### Exercise requirements
Of the entries below, return only those lines from the line with "Used LOT OF" to the line with "2023 Sea Ray 290 SDX OB", exactly, both included.

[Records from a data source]
↓
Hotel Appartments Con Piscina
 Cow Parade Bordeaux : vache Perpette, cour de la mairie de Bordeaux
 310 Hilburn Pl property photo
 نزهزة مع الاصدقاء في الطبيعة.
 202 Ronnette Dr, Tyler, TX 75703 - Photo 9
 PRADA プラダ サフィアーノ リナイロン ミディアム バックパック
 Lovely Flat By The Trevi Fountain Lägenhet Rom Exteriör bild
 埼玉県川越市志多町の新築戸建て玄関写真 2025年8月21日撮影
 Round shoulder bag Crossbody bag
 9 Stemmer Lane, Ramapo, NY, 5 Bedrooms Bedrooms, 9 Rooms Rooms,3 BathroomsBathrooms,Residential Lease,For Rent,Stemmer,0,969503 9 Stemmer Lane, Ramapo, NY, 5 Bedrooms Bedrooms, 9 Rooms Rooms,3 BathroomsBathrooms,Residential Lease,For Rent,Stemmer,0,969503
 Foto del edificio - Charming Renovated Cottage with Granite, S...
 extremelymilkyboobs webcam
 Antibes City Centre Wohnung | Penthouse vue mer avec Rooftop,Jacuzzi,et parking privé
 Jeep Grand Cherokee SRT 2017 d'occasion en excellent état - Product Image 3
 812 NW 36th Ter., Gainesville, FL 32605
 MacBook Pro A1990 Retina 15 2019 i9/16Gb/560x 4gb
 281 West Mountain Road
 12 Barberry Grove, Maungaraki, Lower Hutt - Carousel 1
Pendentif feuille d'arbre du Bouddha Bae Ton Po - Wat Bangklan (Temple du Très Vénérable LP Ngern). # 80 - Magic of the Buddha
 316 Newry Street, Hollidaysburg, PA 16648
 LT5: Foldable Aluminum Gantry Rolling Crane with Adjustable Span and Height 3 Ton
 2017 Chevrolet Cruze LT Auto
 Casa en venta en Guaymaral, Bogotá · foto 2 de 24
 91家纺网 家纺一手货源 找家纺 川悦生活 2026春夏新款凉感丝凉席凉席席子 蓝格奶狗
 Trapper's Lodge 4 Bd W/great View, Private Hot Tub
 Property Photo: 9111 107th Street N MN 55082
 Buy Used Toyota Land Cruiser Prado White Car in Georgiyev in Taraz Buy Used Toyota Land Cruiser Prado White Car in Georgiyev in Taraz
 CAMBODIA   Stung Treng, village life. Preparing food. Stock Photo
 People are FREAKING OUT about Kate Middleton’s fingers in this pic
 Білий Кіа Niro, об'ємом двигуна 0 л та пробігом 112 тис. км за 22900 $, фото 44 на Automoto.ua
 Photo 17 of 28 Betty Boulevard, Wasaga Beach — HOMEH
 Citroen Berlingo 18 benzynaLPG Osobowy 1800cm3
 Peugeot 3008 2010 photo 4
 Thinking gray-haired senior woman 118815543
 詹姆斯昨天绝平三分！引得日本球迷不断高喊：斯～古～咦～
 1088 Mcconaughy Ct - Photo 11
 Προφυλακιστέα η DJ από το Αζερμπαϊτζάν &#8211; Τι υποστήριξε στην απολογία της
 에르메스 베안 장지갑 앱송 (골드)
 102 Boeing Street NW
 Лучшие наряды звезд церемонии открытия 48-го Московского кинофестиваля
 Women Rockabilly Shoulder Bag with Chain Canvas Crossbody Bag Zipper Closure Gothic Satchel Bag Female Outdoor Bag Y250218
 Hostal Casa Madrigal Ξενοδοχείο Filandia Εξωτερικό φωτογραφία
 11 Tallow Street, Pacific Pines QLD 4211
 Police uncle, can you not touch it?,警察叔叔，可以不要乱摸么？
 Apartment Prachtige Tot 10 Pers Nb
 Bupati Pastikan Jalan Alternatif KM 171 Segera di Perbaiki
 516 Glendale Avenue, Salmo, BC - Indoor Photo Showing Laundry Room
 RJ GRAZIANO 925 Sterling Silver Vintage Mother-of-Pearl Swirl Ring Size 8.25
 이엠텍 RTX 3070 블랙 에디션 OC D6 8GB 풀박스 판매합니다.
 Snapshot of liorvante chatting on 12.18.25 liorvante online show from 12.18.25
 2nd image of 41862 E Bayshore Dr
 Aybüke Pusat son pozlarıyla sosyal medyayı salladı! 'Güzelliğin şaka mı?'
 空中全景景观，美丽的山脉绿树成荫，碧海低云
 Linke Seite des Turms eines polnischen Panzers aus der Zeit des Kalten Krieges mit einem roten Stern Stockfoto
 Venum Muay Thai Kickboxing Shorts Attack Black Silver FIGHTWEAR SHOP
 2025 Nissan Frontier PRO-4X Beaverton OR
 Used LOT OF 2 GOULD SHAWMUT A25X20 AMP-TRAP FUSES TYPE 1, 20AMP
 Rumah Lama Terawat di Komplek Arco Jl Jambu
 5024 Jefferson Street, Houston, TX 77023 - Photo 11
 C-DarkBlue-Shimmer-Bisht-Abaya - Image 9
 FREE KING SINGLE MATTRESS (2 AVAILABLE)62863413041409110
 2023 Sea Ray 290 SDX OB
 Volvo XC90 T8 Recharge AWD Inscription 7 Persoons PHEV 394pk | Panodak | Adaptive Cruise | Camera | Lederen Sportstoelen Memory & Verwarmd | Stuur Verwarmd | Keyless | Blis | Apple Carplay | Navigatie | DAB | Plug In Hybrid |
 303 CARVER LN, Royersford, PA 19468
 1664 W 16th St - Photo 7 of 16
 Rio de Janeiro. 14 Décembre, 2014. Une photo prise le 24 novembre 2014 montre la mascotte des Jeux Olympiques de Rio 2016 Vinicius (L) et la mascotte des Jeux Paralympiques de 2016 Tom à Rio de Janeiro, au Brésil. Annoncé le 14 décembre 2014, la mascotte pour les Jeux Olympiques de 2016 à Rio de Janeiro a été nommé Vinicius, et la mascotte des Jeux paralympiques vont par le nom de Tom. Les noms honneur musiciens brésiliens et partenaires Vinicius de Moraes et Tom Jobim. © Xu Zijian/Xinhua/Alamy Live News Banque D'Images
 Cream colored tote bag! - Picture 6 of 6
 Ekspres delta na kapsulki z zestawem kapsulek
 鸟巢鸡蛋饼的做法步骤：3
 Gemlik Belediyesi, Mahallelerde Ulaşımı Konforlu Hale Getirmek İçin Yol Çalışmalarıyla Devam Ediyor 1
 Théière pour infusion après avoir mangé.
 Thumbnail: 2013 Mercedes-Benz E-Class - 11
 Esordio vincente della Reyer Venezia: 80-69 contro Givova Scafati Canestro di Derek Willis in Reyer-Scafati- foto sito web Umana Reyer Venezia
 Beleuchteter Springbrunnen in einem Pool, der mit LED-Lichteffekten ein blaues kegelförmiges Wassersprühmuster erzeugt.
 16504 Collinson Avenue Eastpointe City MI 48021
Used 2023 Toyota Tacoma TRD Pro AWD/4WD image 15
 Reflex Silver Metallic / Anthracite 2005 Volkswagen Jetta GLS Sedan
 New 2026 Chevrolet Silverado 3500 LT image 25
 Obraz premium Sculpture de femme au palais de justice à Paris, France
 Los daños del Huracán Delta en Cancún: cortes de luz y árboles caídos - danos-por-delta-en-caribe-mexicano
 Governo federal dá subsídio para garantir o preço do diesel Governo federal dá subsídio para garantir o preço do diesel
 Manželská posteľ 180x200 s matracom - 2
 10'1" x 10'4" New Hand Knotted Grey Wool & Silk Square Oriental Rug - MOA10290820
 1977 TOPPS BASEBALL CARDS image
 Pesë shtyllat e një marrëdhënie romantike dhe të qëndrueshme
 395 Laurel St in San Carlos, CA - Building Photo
↑
### Answer to this task
 Used LOT OF 2 GOULD SHAWMUT A25X20 AMP-TRAP FUSES TYPE 1, 20AMP
 Rumah Lama Terawat di Komplek Arco Jl Jambu
 5024 Jefferson Street, Houston, TX 77023 - Photo 11
 C-DarkBlue-Shimmer-Bisht-Abaya - Image 9
 FREE KING SINGLE MATTRESS (2 AVAILABLE)62863413041409110
 2023 Sea Ray 290 SDX OB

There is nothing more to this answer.